The examples set by these assemblies are “really powerful,” says Koss, “They show how people can change their mindsets and form their own intelligent opinions if they have enough information. Citizens’ assemblies can be a great add-on to what we currently have as tools of democracy.” The idea has even been taken up by the UN, which is planning to host a global citizens’ assembly alongside the Cop26 conference this November.

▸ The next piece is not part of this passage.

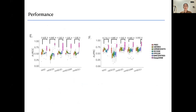We also compared our method to algorithms specifically designed for single-cell data, and our method is still the best, showing significant improvement compared to the second-best algorithm.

Of course, such bodies can only be effective if they are also given teeth. The global assembly will have no formal powers; likewise, it is not yet certain how many of the UK assembly’s proposals will be heeded—(optimists may point to the Government’s encouraging new carbon reduction pledge of 78% by 2035, although sceptics have warned that previous targets have been consistently missed). In contrast, Ireland’s assembly was televised and highly publicised, and members of the public were invited to submit questions and talking points. This meant the government had little choice but to act on its recommendations.
This is one reason why a combination of citizens’ assemblies and people’s referenda holds such enormous potential. It gives citizens the ability to force politicians’ hands should they be inclined to ignore an assembly’s conclusions. You might think that no government in its right mind would concede such power. Prudent administrations however may come to see this as a way of meeting climate targets without alienating sections of their voter base. By involving citizens directly in tough decisions, they can pave the way for more radical measures that would otherwise be politically impossible.
The future for direct democratic climate action in Western Europe looks promising—particularly in Germany, which is embracing both these mechanisms. The country is holding a national climate assembly this year, alongside five city-wide ones. There is also a plethora of people’s initiatives across the country pushing for further assemblies, as well as other, increasingly radical, climate measures (Klimaneustart is now campaigning for Berlin to pledge climate neutrality by 2030, and Berlin Auto-frei wants to ban cars in the city, to name just two examples). Perhaps we shouldn’t dismiss democracy just yet.